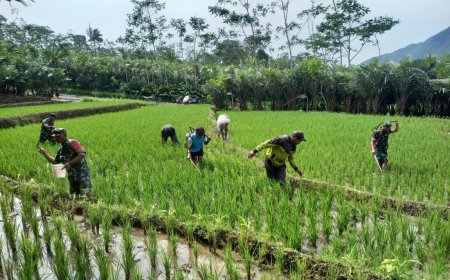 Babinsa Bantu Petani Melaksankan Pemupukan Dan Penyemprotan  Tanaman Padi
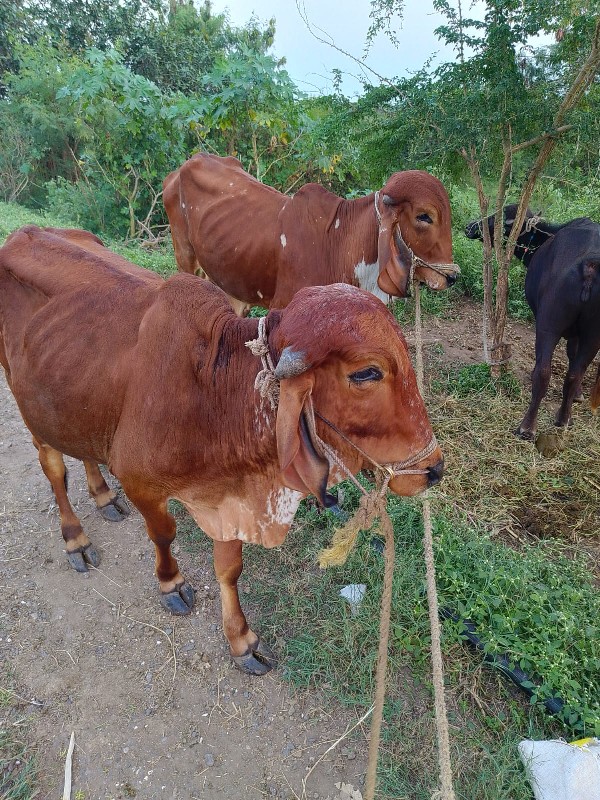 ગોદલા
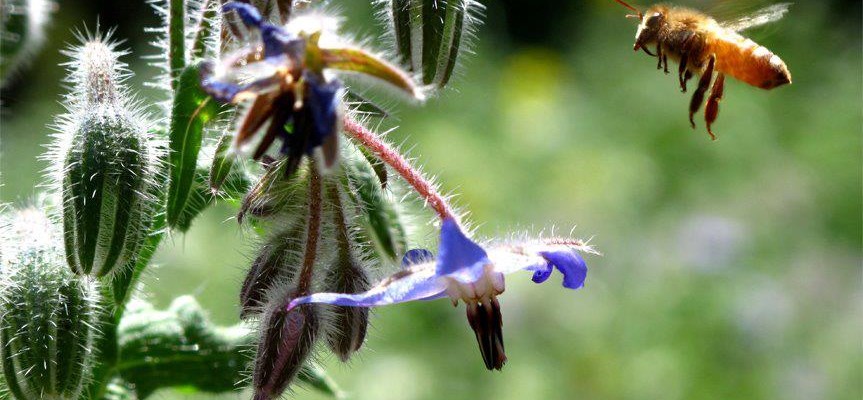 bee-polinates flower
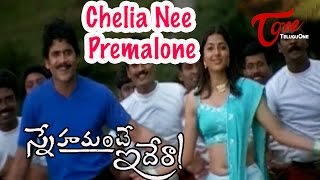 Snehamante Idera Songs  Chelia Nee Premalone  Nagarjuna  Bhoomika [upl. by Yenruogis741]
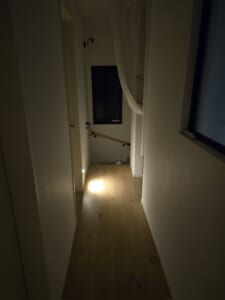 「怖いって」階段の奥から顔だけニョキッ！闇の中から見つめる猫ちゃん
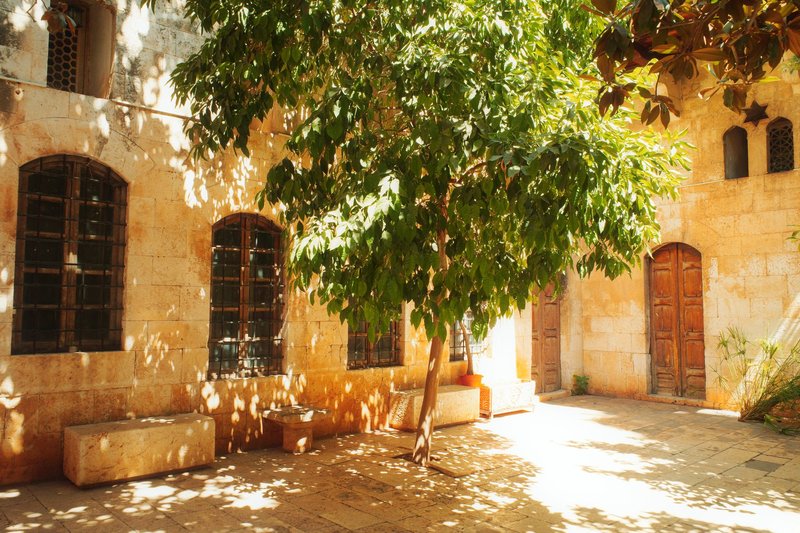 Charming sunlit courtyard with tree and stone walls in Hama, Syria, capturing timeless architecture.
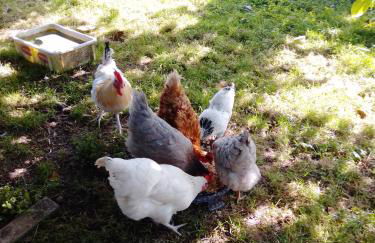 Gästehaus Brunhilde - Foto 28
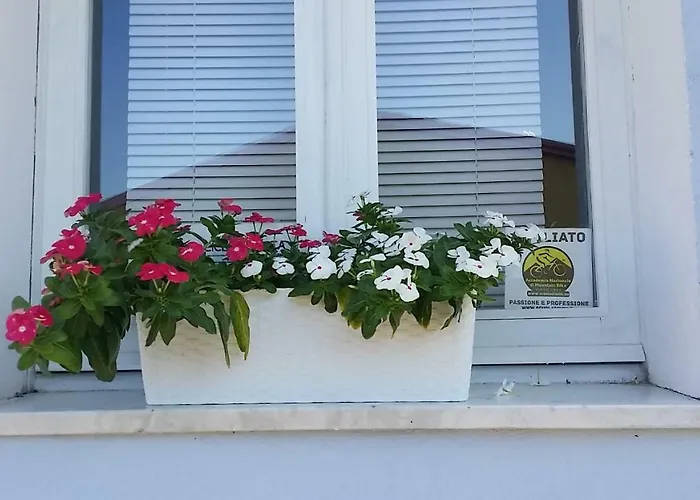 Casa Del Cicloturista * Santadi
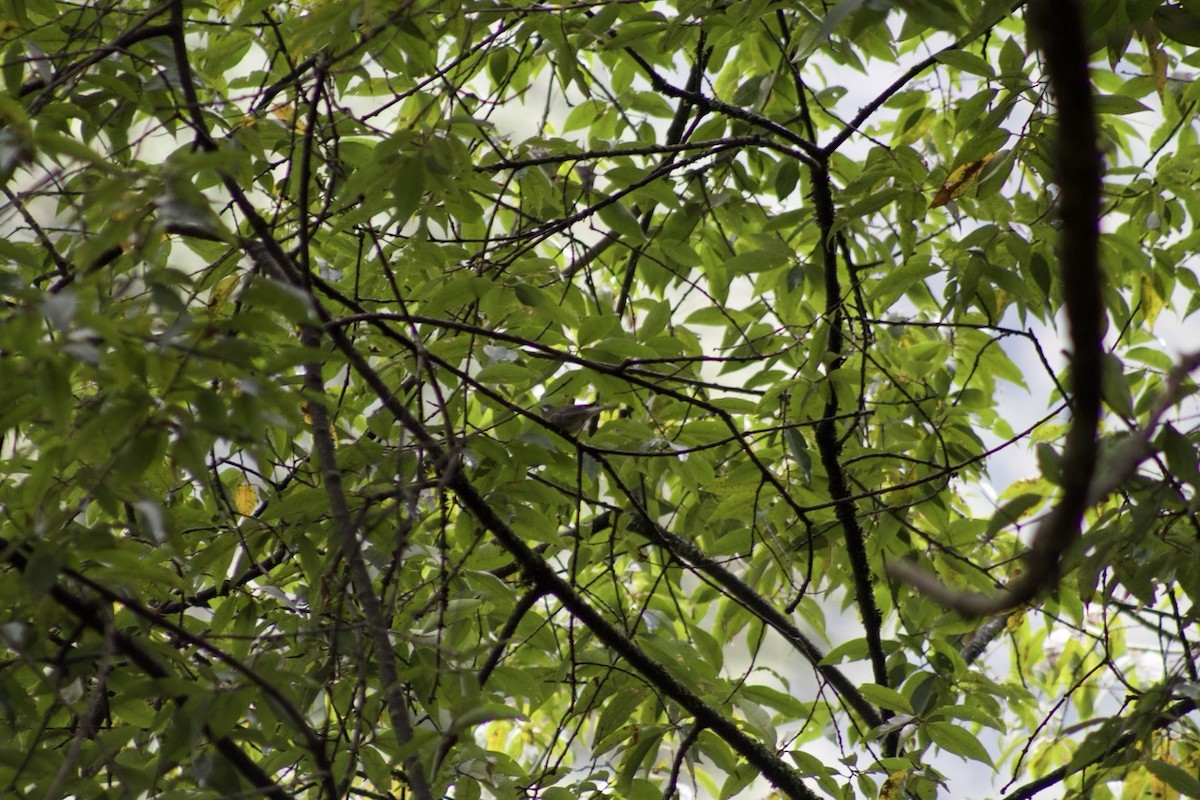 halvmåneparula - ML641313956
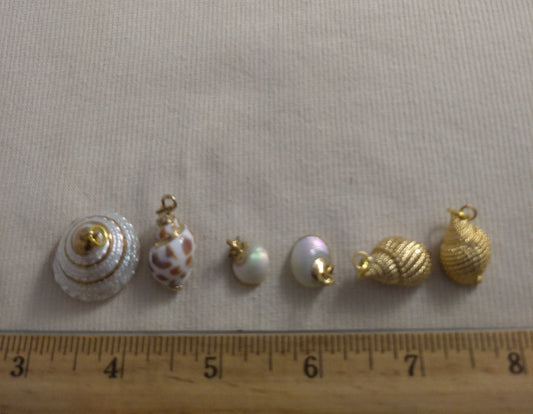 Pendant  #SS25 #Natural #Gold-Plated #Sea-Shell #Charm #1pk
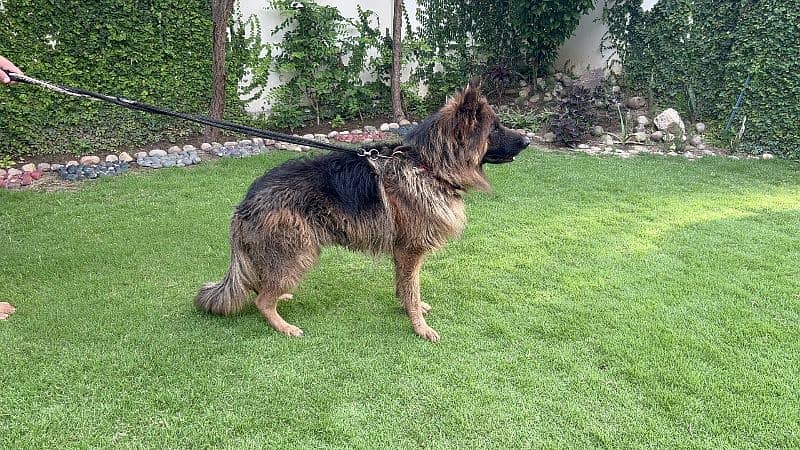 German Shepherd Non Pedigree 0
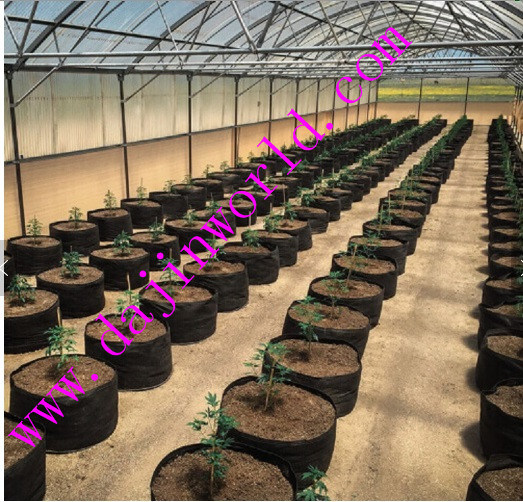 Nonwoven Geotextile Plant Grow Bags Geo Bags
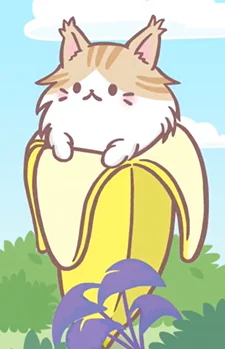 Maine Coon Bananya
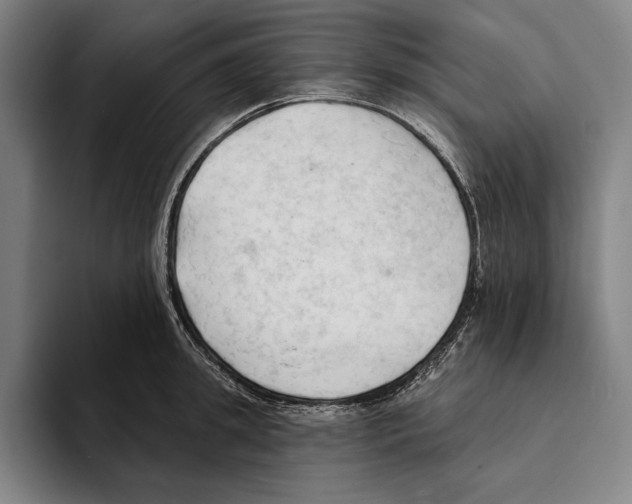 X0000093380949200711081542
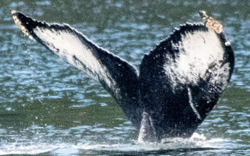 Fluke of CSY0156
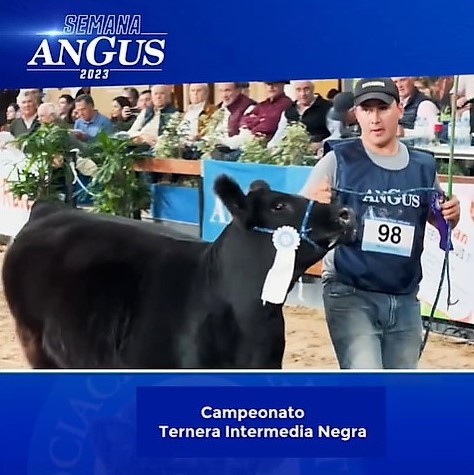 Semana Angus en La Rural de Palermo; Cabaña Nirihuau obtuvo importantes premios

☆ ☆ ☆ ☆

### [Work request]
Only the lines from the one containing "Nonwoven Geotextile Plant Grow Bags Geo Bags" through the last line of the material are to be restated word for word; no picture is to be included.

### [Written response]
 Nonwoven Geotextile Plant Grow Bags Geo Bags
 Maine Coon Bananya
 X0000093380949200711081542
 Fluke of CSY0156
 Semana Angus en La Rural de Palermo; Cabaña Nirihuau obtuvo importantes premios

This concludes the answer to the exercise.